## Captioned web image data

↓

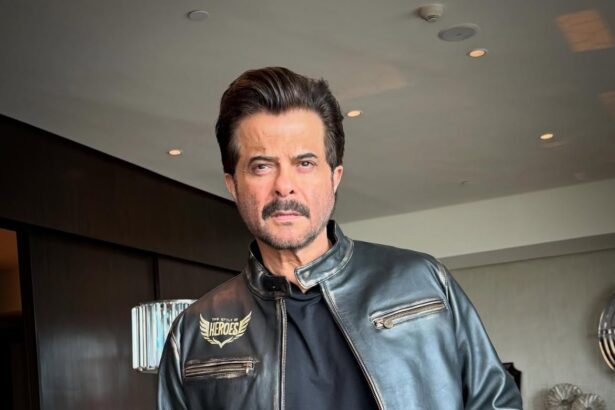 इंडिया के टॉप 1%' गेम शो के लॉन्च इवेंट में स्टार प्लस के मंच पर पोज देते अनिल कपूर
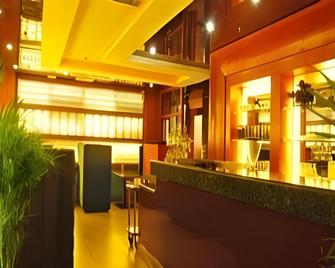 Pingdingshan Feixing Crowne Plaza Hotel - Pingdingshan - Lobby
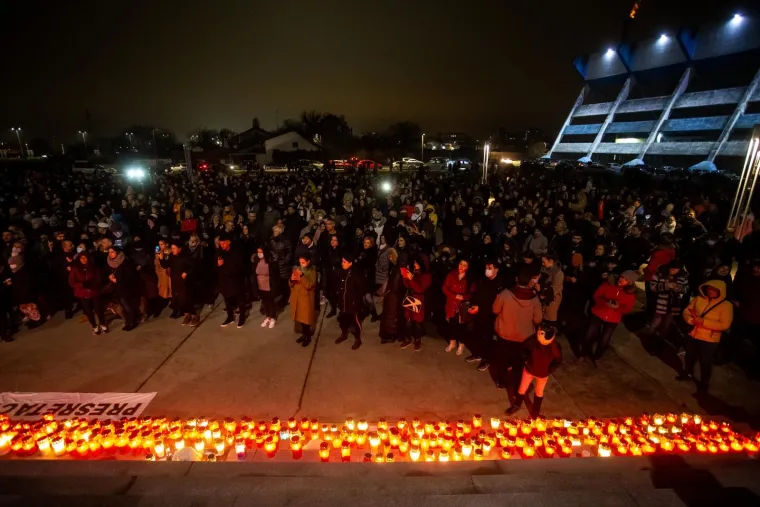 Pogledajte dirljive prizore koji mame suze na oči: Građani se opra&scaron;taju od legendarnog panonskog mornara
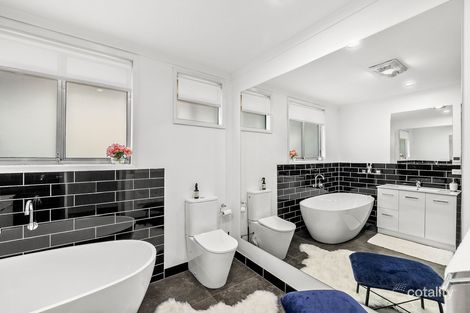 Property photo of 16 Clover Street Wendouree VIC 3355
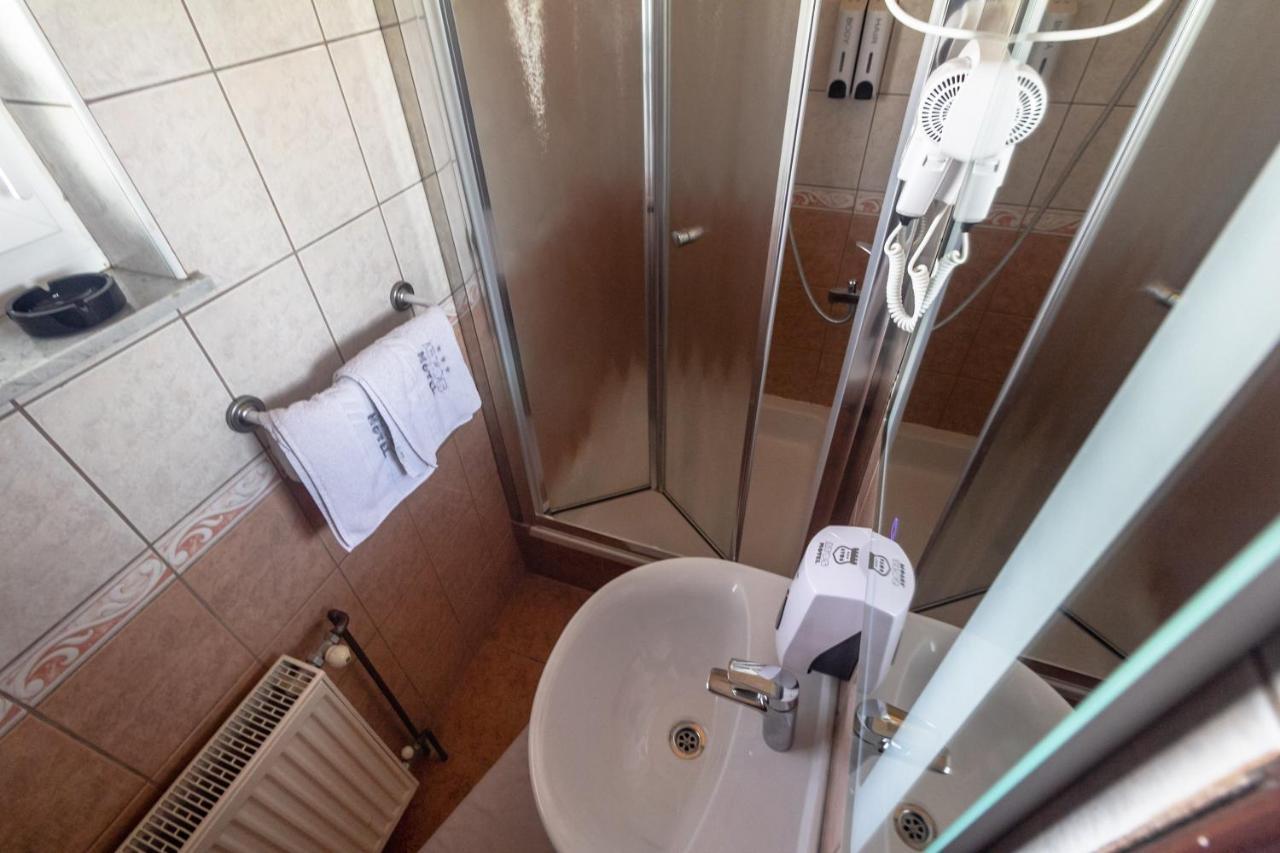 Motel Atos Laktaši Екстериор снимка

↑

## Work item
Reproduce every entry above exactly, and omit the pictures.

## Reply to the exercise
 इंडिया के टॉप 1%' गेम शो के लॉन्च इवेंट में स्टार प्लस के मंच पर पोज देते अनिल कपूर
 Pingdingshan Feixing Crowne Plaza Hotel - Pingdingshan - Lobby
 Pogledajte dirljive prizore koji mame suze na oči: Građani se opra&scaron;taju od legendarnog panonskog mornara
 Property photo of 16 Clover Street Wendouree VIC 3355
 Motel Atos Laktaši Екстериор снимка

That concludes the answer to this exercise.